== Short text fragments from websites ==
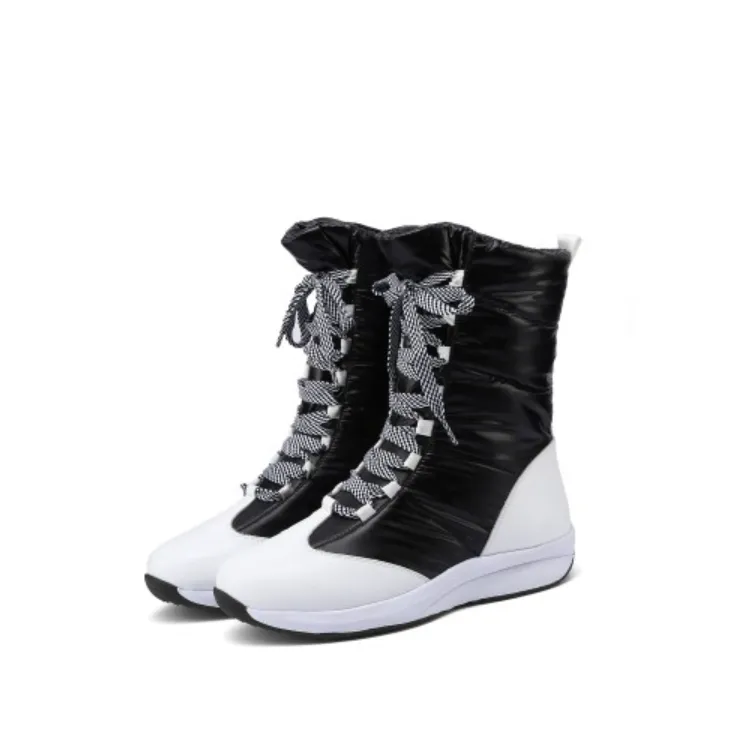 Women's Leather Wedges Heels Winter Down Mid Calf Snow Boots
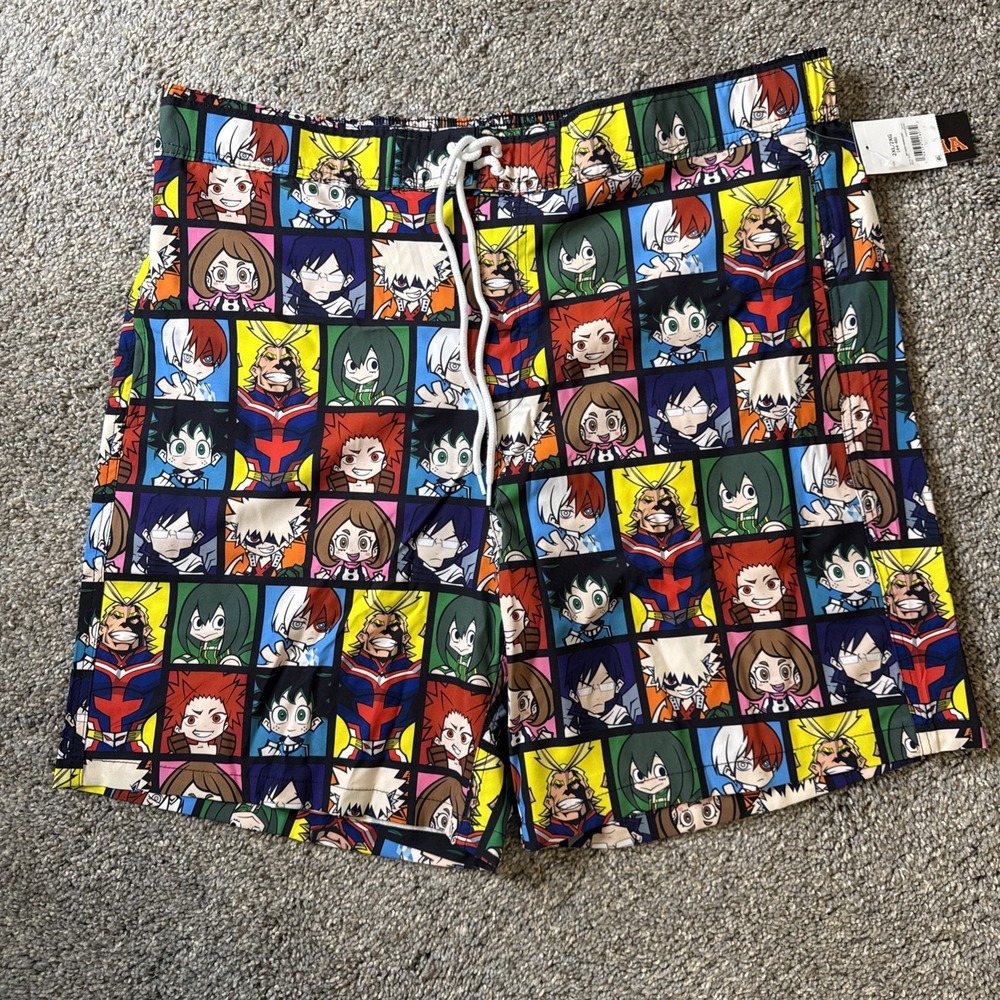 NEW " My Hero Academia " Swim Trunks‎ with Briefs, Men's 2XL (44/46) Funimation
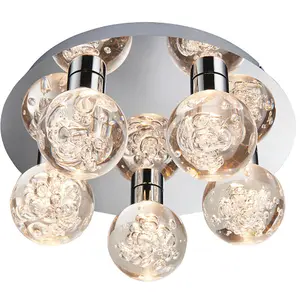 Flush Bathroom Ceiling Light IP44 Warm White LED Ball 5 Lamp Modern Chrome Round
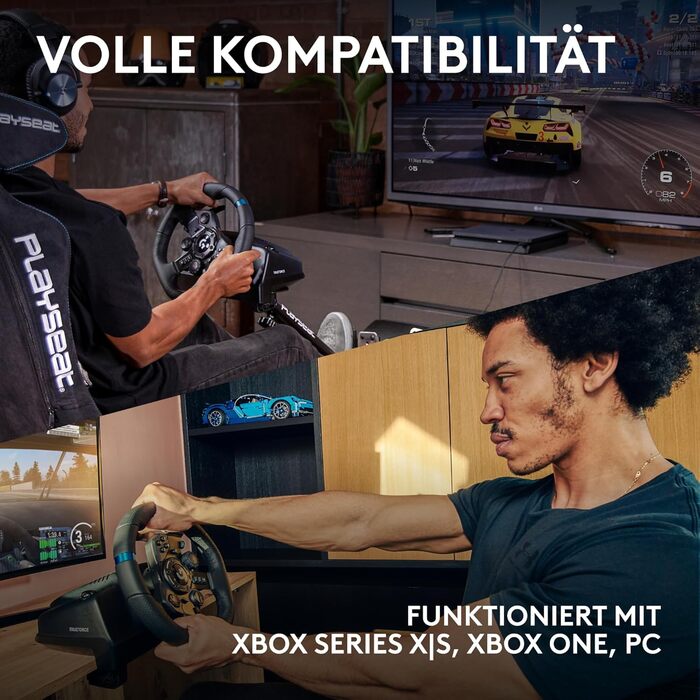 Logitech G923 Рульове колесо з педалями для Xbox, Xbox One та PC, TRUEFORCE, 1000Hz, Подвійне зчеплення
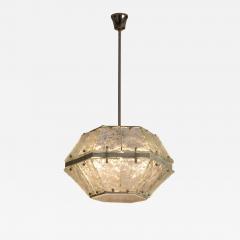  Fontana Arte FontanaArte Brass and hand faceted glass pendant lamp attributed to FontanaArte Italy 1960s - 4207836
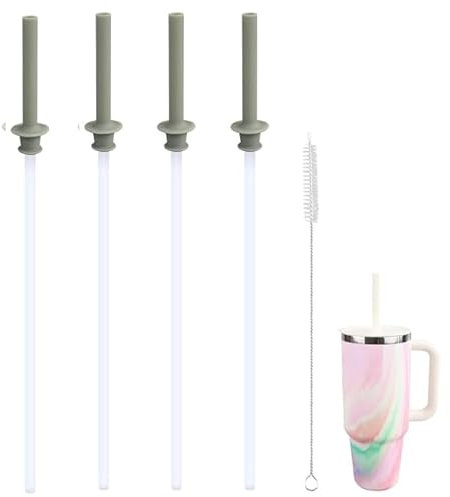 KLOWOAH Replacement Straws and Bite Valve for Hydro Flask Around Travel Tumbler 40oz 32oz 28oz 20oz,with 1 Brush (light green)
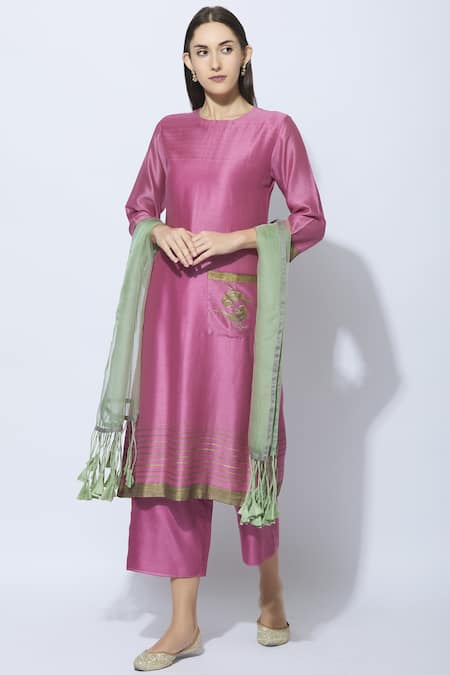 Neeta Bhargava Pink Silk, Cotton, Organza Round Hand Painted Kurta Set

== Task to carry out ==
Without the pictures, repeat the entries above line by line, from the first through the one that contains "KLOWOAH Replacement Straws", both ends included.

== Exercise answer ==
 Women's Leather Wedges Heels Winter Down Mid Calf Snow Boots
 NEW " My Hero Academia " Swim Trunks‎ with Briefs, Men's 2XL (44/46) Funimation
 Flush Bathroom Ceiling Light IP44 Warm White LED Ball 5 Lamp Modern Chrome Round
 Logitech G923 Рульове колесо з педалями для Xbox, Xbox One та PC, TRUEFORCE, 1000Hz, Подвійне зчеплення
  Fontana Arte FontanaArte Brass and hand faceted glass pendant lamp attributed to FontanaArte Italy 1960s - 4207836
 KLOWOAH Replacement Straws and Bite Valve for Hydro Flask Around Travel Tumbler 40oz 32oz 28oz 20oz,with 1 Brush (light green)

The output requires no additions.